Total U.S. greenhouse gas emissions in 2017 reached their lowest levels since 1992, according to the final Environmental Protection Agency Greenhouse Gas Inventory released this month. As International Energy Agency Executive Director Fatih Birol recently stated,
“In the last 10 years, the emissions reductions in the United States has been the largest in the history of energy – almost 800 million tons – and this is a huge decline of emissions.”
Total U.S. GHG emissions fell by 35.6 million metric tons CO2 equivalent (MMT CO2Eq.), or 0.5 percent, from 2016 to 2017 – a steeper decline than was previously estimated in the agency’s draft report in February.
Since 2005 – the starting point for the Paris Climate Accords – total U.S. GHG emissions fell by 12 percent and total GHG emissions from fossil fuel combustion decreased nearly 15 percent. Meanwhile, U.S. oil and natural gas production increased more than 80 percent and 51 percent, respectively, and natural gas consumption increased 23 percent, according to the Energy Information Administration.
Petroleum and natural gas system methane emissions continue to decline.
Amid record-breaking oil and natural gas production, methane emissions from petroleum and natural gas systems decreased 31.9 MMT CO2Eq. from 1990 to 2017.
According to the EPA inventory, emissions from natural gas systems decreased by 27.5 MMT CO2Eq. (14.2 percent), “largely due to a decrease in emissions from distribution, transmission and storage, processing, and exploration.” And the report credits a 4.4 MMT CO2Eq. (or 10.5 percent) reduction in emissions from petroleum systems due “primarily to decreases in tank emissions and associated gas venting.”

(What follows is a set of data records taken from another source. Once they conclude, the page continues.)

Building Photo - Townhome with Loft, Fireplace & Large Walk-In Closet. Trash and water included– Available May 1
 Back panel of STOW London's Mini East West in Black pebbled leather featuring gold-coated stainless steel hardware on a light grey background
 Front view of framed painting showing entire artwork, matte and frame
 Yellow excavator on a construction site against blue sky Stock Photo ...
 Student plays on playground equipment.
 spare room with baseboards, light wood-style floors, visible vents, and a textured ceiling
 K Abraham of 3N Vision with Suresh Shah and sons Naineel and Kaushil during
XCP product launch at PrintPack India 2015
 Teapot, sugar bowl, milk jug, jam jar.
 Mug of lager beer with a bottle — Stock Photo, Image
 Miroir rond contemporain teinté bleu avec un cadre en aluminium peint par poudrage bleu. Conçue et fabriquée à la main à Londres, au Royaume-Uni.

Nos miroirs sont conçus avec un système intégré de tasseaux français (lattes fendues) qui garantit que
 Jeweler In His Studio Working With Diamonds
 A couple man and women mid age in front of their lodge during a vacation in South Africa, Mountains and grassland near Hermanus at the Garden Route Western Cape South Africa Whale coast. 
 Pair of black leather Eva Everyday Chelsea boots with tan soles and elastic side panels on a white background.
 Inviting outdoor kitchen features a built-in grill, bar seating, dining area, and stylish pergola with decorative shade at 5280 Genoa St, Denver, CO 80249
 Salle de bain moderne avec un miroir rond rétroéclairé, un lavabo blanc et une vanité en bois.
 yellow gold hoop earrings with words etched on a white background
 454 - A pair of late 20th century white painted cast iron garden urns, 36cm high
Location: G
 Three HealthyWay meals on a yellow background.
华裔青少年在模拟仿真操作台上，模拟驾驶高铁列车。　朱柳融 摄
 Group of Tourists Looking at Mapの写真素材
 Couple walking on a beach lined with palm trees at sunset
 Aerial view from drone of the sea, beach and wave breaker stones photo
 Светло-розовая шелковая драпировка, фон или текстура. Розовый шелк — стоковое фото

U.S. power sector continues to see significant emissions declines.
According to the inventory, CO2 emissions from electric power generation fell 668 MMT CO2Eq. from 2005 to 2017. The report explains that this has occurred while total electric power generation has remained relatively flat for the past five years – something EPA credits to the “increased generation from natural gas and renewable energy sources.”
A 2018 EIA report found that growth in natural gas consumption can be credited for 61 percent of the total 3.86 billion metric tons of electric generation CO2 reductions since 2005. And, as EID’s recent fact sheet explains, data from the same report showed that during this time period, natural gas has cut 50 percent more emissions than wind and solar combined for electricity generation.
As United Nations Energy Programme chief Erik Solheim said in 2017:
“In all likelihood, the United States of America will live up to its Paris commitment, not because of the White House, but because of the private sector.”
The United States is leading the world in carbon emissions reductions which continue to be of increasing importance for America’s oil and natural gas industry. The increased supply of natural gas – thanks to shale – is fueling new natural gas-fired power plants and helping the electric power sector experience record-low emissions. And the best part: each new data set demonstrates that these environmental benefits do not have to come at the expense of economic opportunity.